Short text fragments from websites
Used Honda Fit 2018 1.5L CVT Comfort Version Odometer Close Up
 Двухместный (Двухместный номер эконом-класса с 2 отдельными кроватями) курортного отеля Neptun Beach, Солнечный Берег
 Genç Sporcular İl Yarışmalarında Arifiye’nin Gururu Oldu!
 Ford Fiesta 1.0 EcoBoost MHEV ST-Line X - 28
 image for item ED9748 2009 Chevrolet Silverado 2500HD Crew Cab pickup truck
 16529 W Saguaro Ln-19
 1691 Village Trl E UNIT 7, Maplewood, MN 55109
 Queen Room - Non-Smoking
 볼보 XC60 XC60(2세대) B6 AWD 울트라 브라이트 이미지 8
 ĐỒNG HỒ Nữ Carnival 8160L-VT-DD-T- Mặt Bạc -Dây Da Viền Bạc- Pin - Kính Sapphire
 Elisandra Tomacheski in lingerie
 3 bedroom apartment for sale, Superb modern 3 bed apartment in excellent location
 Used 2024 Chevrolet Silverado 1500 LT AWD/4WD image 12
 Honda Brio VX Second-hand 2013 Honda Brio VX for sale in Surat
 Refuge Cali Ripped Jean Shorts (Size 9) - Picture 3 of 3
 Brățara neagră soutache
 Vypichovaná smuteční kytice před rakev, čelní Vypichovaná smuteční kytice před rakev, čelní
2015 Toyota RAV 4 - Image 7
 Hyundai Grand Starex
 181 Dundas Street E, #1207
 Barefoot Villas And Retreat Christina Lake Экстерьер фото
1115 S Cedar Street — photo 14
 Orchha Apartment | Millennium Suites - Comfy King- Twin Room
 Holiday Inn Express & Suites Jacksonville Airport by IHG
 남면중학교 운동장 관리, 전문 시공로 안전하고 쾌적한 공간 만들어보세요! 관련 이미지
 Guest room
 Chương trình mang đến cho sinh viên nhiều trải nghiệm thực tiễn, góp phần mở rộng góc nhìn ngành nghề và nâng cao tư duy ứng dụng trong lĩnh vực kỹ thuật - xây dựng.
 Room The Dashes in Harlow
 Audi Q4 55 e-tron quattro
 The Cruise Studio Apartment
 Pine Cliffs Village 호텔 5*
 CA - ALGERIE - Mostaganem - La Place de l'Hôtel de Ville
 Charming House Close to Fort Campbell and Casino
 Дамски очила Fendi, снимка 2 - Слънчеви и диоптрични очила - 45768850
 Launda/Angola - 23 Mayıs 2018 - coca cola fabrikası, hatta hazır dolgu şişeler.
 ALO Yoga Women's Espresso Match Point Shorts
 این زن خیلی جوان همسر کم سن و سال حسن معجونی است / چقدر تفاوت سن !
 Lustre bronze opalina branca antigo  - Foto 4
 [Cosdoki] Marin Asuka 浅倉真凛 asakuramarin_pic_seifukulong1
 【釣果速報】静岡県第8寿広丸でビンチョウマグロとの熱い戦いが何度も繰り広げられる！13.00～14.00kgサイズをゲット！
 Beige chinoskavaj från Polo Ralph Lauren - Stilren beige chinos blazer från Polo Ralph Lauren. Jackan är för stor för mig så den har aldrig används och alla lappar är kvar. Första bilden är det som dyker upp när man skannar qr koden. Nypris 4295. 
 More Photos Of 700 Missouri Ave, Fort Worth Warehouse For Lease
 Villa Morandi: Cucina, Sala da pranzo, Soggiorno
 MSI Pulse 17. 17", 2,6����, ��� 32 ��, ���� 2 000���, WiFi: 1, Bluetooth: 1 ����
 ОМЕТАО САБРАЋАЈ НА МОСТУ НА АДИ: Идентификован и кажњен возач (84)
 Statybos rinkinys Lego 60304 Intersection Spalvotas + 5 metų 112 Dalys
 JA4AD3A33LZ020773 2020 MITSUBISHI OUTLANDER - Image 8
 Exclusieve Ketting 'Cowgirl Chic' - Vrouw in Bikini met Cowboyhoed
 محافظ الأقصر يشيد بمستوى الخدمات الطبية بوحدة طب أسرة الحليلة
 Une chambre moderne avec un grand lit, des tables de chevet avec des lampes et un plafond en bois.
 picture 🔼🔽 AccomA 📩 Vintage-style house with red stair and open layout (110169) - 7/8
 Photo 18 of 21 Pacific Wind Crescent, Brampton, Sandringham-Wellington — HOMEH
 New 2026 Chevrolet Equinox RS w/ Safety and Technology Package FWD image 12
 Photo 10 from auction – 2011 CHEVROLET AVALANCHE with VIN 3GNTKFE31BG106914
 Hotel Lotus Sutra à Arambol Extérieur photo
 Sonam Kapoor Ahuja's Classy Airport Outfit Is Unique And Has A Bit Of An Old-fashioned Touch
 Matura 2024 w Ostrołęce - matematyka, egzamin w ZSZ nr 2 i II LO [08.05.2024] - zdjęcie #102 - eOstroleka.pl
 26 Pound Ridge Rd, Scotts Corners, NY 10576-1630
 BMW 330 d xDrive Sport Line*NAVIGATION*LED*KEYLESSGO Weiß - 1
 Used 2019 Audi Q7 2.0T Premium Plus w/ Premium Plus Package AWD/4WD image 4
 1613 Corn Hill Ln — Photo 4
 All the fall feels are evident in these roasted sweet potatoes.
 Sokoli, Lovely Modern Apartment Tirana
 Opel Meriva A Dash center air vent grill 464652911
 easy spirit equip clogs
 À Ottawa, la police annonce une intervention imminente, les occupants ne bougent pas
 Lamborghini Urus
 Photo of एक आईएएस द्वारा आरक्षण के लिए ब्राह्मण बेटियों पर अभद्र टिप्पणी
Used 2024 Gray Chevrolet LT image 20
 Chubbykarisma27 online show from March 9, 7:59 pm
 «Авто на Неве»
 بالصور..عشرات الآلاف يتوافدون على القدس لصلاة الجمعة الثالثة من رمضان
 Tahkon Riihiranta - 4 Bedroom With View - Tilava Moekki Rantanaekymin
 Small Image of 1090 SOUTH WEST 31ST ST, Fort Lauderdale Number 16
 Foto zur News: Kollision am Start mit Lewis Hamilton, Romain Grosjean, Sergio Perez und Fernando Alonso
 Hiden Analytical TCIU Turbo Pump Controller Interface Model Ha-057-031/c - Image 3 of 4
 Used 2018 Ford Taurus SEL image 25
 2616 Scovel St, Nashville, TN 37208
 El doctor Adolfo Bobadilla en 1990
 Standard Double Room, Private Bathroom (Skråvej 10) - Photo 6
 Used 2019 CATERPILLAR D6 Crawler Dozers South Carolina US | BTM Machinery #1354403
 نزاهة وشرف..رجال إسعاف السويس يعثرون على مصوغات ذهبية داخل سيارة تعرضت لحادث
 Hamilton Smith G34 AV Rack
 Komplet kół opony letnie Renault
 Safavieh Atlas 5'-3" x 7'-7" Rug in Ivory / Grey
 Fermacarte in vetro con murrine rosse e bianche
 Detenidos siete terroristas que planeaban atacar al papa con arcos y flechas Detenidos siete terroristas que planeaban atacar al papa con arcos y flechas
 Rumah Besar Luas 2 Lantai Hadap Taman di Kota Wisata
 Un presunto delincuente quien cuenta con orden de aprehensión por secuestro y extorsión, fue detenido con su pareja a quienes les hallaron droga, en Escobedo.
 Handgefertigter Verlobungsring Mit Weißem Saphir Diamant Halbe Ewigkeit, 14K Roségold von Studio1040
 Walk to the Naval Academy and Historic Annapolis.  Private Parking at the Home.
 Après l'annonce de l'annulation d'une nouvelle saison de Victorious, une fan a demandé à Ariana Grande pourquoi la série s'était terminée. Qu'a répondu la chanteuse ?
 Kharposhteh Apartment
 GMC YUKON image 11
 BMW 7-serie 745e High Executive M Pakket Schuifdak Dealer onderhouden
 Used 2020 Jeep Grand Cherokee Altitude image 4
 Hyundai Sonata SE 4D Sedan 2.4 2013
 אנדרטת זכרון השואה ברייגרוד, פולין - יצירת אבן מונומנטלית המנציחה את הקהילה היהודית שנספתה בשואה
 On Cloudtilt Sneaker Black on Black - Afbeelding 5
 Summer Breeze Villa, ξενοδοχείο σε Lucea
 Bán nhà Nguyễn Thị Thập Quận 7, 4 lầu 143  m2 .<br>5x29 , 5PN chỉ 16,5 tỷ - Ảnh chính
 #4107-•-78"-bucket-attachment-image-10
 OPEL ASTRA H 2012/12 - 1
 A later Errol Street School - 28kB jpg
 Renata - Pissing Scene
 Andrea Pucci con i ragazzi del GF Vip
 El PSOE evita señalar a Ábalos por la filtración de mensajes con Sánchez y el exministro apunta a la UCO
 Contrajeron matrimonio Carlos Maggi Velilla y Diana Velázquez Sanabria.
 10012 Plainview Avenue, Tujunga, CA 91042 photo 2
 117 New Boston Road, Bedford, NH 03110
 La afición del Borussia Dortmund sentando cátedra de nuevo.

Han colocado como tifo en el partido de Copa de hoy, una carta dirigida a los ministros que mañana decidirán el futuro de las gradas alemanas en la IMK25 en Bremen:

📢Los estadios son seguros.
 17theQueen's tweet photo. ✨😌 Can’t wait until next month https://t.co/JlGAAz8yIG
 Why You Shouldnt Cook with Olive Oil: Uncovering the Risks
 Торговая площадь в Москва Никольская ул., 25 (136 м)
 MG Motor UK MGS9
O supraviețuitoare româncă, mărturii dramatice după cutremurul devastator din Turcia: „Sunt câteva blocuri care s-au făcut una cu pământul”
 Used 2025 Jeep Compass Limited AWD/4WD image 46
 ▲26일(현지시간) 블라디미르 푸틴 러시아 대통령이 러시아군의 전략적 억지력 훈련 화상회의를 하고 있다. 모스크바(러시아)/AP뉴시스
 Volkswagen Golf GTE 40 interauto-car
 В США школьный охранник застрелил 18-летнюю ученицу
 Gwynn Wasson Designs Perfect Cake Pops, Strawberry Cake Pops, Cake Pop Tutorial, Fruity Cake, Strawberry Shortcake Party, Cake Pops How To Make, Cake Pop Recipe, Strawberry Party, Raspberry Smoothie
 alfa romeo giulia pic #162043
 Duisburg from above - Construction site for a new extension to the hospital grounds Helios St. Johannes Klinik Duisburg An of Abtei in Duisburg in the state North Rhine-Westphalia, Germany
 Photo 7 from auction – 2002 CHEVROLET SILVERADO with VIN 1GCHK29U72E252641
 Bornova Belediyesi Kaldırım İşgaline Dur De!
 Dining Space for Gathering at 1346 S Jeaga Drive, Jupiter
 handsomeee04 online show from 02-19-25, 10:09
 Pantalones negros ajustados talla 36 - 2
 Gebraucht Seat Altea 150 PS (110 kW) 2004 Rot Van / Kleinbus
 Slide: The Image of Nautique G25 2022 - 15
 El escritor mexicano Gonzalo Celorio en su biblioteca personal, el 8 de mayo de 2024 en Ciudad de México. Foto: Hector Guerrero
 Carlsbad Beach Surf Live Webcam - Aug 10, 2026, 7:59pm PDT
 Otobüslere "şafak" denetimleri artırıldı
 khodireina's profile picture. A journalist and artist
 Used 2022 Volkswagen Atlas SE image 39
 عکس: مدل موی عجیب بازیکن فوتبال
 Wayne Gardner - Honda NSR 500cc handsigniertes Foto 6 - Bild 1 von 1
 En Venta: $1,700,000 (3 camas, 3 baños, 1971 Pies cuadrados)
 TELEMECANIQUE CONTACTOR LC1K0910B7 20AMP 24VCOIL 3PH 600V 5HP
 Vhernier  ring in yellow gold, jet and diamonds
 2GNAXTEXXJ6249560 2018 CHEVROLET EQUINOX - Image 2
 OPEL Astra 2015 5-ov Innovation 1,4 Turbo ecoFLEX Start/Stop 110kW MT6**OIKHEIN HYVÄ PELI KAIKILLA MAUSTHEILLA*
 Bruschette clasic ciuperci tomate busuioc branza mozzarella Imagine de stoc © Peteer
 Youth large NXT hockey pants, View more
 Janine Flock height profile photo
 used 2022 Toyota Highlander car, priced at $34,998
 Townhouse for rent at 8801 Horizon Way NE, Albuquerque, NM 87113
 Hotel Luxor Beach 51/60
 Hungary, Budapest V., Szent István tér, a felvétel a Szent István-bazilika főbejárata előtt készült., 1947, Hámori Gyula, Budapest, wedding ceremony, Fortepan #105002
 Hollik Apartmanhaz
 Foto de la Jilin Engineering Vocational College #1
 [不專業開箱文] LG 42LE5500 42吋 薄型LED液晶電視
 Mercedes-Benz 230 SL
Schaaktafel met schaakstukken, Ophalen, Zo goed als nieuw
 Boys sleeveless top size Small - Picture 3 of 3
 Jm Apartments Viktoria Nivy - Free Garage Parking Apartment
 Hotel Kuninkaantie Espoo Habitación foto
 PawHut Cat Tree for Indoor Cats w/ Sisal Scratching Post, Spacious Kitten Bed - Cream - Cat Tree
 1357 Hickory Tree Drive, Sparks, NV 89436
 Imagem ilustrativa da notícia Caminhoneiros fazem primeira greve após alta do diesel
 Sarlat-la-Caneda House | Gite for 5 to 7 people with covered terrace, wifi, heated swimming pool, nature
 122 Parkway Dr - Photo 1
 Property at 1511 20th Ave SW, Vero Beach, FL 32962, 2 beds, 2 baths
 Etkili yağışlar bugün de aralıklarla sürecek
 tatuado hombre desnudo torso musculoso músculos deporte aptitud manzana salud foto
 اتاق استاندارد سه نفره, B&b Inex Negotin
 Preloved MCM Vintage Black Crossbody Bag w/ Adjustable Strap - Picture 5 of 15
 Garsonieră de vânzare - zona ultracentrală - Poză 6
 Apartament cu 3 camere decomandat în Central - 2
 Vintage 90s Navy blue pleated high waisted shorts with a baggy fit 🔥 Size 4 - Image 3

*TASK INSTRUCTIONS*
I need each line of the entries that holds the string "Vintage" located and copied.

*RESPONSE*
 picture 🔼🔽 AccomA 📩 Vintage-style house with red stair and open layout (110169) - 7/8
 Preloved MCM Vintage Black Crossbody Bag w/ Adjustable Strap - Picture 5 of 15
 Vintage 90s Navy blue pleated high waisted shorts with a baggy fit 🔥 Size 4 - Image 3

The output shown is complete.